Could you help me turn cups to grams please
Hi Christine, go to the recipe and click “Metrics” to convert this into grams. I hope that helps!
Thank you just tried them … delicious xx
I never re-roll leftover or re-purpose the dough. I make biscuits etc square, so all are tender and fluffy.
Thank you so much for sharing that with me.
Can you double this recipe?
Hi Hannah, I haven’t tested that but it may require more time. I would follow the recipe steps. If you experiment please let me know how you like that!
Love love love it!!!
Super easy not overly sweet and a huge hit
Thank you for your great feedback Sharon. Happy to know that you loved this recipe!
Hello and greetings from the Netherlands! Just made this recipe, used a glass to cut the donuts as I reallised I don’t have a cookie cutter. Filled them with homemade mango/madame jeanette jam. They came out great, but got slightly burnt at the bottom. Oven was the right temp. Would it help if I flip them alf way through?

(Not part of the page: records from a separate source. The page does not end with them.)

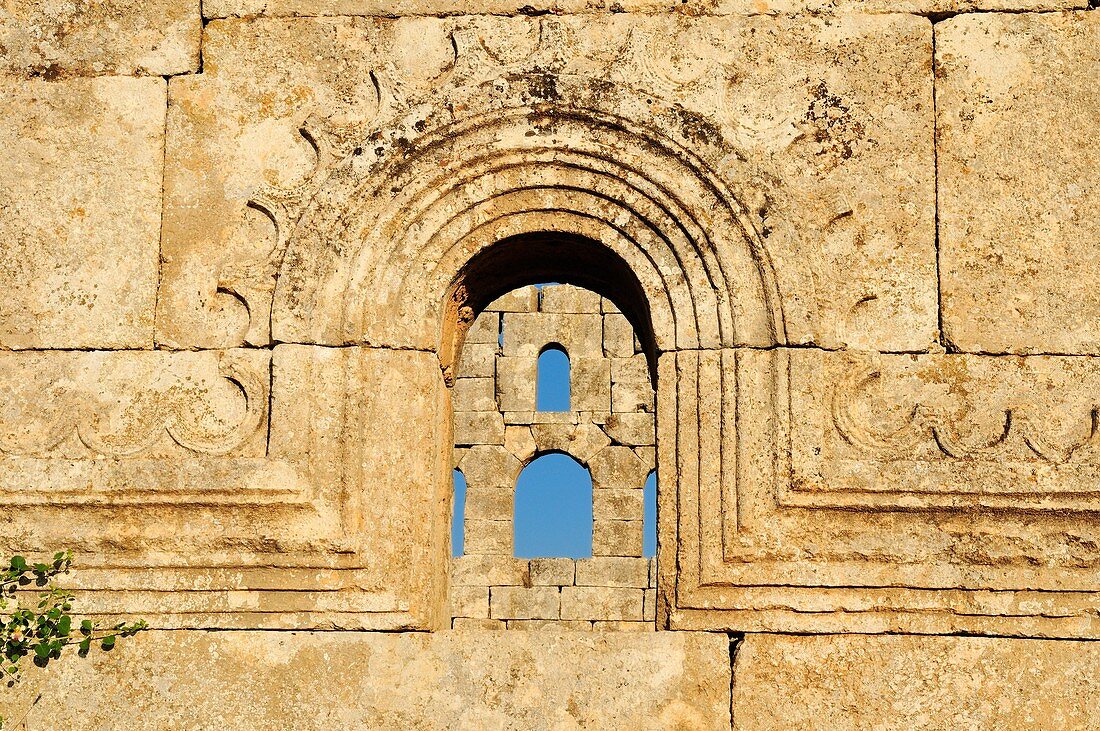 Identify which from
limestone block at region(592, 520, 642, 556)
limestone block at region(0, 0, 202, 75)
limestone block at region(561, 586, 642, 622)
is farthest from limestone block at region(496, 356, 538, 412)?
limestone block at region(0, 0, 202, 75)

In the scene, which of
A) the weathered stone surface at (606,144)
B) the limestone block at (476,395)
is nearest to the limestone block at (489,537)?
the limestone block at (476,395)

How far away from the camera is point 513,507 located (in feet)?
49.5

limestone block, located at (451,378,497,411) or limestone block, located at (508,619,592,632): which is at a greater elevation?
limestone block, located at (451,378,497,411)

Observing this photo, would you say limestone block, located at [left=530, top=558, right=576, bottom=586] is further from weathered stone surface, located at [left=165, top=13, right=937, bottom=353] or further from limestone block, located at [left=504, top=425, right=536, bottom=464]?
weathered stone surface, located at [left=165, top=13, right=937, bottom=353]

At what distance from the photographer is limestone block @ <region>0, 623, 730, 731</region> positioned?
598cm

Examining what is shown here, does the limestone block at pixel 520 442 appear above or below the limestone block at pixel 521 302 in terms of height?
below

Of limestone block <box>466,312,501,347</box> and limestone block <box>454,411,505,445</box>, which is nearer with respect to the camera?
limestone block <box>454,411,505,445</box>

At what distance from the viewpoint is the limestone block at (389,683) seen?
19.6 feet

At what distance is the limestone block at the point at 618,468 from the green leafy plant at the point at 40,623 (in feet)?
30.1

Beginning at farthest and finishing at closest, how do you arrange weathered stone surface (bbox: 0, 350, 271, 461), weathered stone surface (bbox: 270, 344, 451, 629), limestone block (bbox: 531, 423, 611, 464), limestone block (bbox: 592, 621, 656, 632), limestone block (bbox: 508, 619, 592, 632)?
limestone block (bbox: 531, 423, 611, 464), limestone block (bbox: 508, 619, 592, 632), limestone block (bbox: 592, 621, 656, 632), weathered stone surface (bbox: 0, 350, 271, 461), weathered stone surface (bbox: 270, 344, 451, 629)

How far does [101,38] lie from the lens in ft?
22.6

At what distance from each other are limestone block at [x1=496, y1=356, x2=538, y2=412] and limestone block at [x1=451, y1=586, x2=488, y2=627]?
1.88 m

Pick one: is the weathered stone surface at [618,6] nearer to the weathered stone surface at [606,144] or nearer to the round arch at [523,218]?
the weathered stone surface at [606,144]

Hi Frank, I haven’t had that experience with it burning at the bottom. I wonder if it could be due to the pan or if the oven is not calibrated? Was the pan possibly to close to the heat source?
Hi
I made this recipe … just as you said… I used a kitchen aid ..
They came out perfect …
I live in all year round hot weather Trinidad, W.I.
Love that they are baked.
That’s so great! Thank you so much for sharing that with me Basdai!